While there was a legitimate fear and danger of Communism infiltrating the government, McCarthy, preying upon Americans’ anxiety, greatly exaggerated the threat in an attempt to secure his re-election in 1952, said Marten.
“He didn’t invent (the Red Scare), but he became the face of it,” said Marten. “It’s called McCarthyism for a reason. He’s not a likeable person. He’s not a good speaker. He’s not nice to look at. He’s very crude. He’s mean, but I think in some ways, people see that as a strength. If you’re fighting Communism in the government, you need to be tough.”
McCarthy’s mission continued for nearly four years with little Congressional obstruction, for fear of being seen as soft on Communism. While most of the country agreed with McCarthy’s pursuit of Communists, his methods and demeanor, along with a lack of evidence and failure to uncover a single Communist, eventually weakened the senator’s cause.
In March of 1954, the “Joe Must Go” movement in Wisconsin began a recall effort against McCarthy, but failed to collect the required signatures by the 60 day deadline due to inadequate organization and funding.
However, it was the broadcasting of the Army-McCarthy hearings in April of 1954 that led to McCarthy’s downfall, said Marten. The entire nation was exposed to McCarthy’s intimidation and bullying tactics in action.
“If there was a single straw, that was it,” said Marten. “That was the big blow-up that pointed out some hollowness to what he was doing.”
McCarthy’s floundering campaign came to a close by the end of the year when the Senate voted to condemn him for abusing his power as a senator.
“He cried wolf too many times,” said Marten. “People grew tired of him.”
This week in Wisconsin history: February 5-11
February 5, 1970: Milwaukee native James Lovell announces that his moon landing mission on Apollo 13 will be his last trip to space. Some speculate that Lovell, who had expressed an interest in running for the US Senate, may launch a political career once his space career ends. (Lovell ultimately never ran for office.)

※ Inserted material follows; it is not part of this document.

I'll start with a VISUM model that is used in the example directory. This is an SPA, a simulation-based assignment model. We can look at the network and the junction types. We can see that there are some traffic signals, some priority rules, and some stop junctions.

February 7, 1867: Laura Ingalls Wilder is born in Pepin, Wisconsin. Her early years in the Wisconsin frontier inspired her to write her first children’s book, Little House in the Big Woods in 1932, the beginning of a nine-book series. The book was awarded the Lewis Carroll Shelf Award and a Newberry Honor.

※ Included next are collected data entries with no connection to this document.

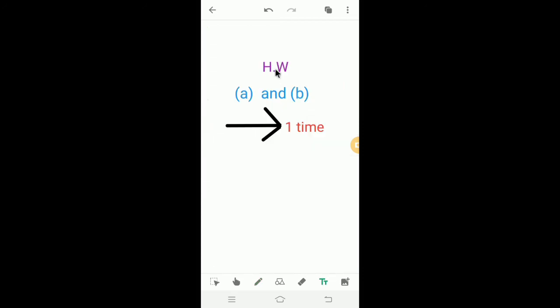Today's homework: practice A and B one time in your rough book.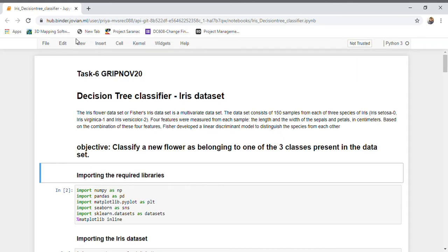Hi everyone. As part of the Spark Foundation internship, I worked on building a decision tree classifier for the Iris dataset. The Iris dataset is a flower dataset with four features indicating the dimensions of the flower, and a target variable indicating different classes of the flower. Now let's walk through the project.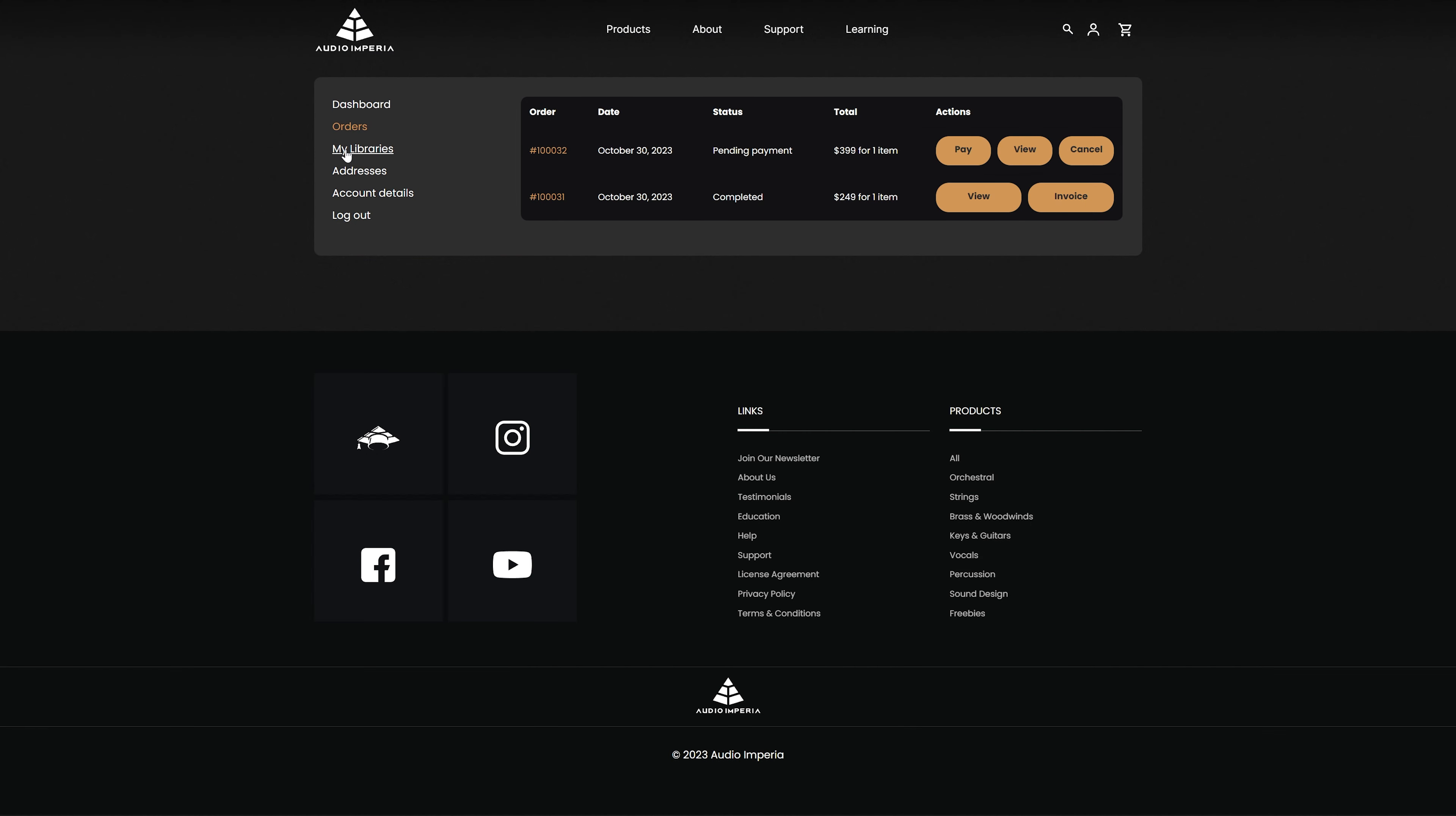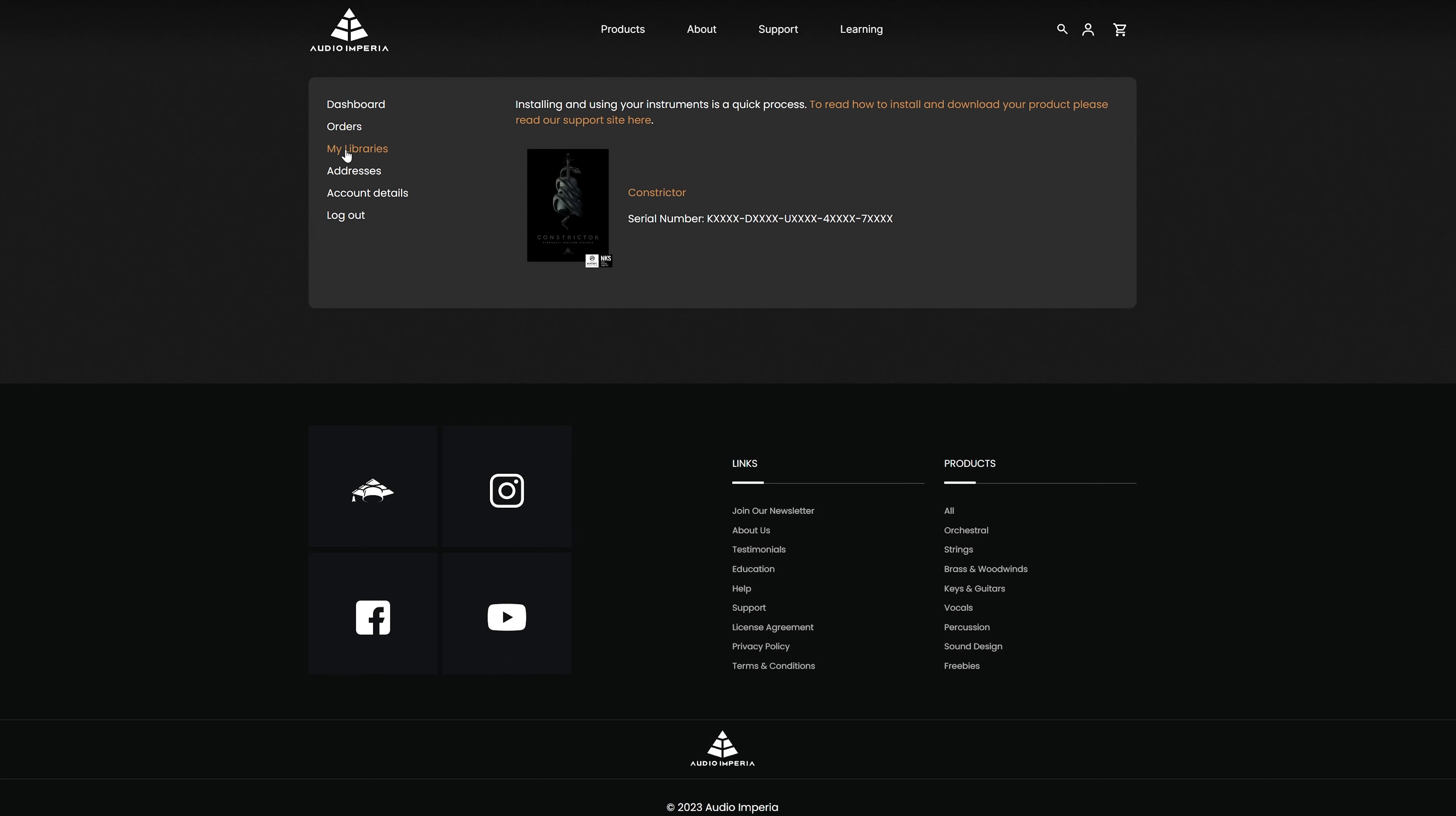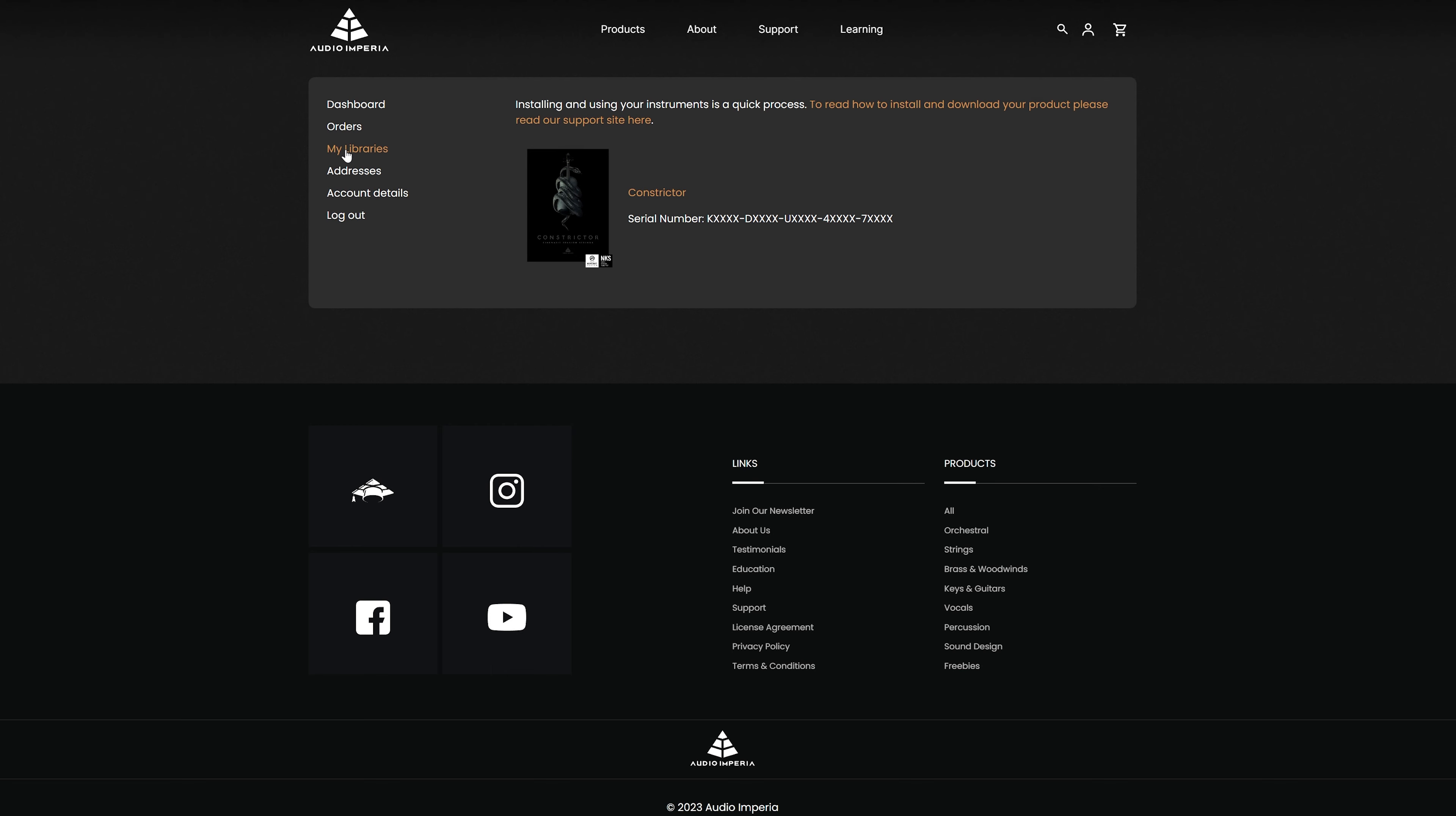Accessing the My Libraries tab will bring up a list of products you've purchased with us on the new site. Now, it's important to mention here that products bought on our old site won't show up in the My Libraries tab. Only products you've bought on the new site will show up here.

February 7, 1937: Milwaukee is hit with an unusual winter storm that leaves 80 people injured. Dust, which had been carried from Oklahoma, combined with sleet and coated Milwaukee and other areas of the state with a dirty sheet of ice. In Milwaukee, the dusty sleet storm was followed by a thunderstorm with freezing rain and dense fog.
February 11, 2011: Governor Scott Walker introduces his controversial budget repair bill, sparking unprecedented protests and leading to the first gubernatorial recall election in Wisconsin’s history.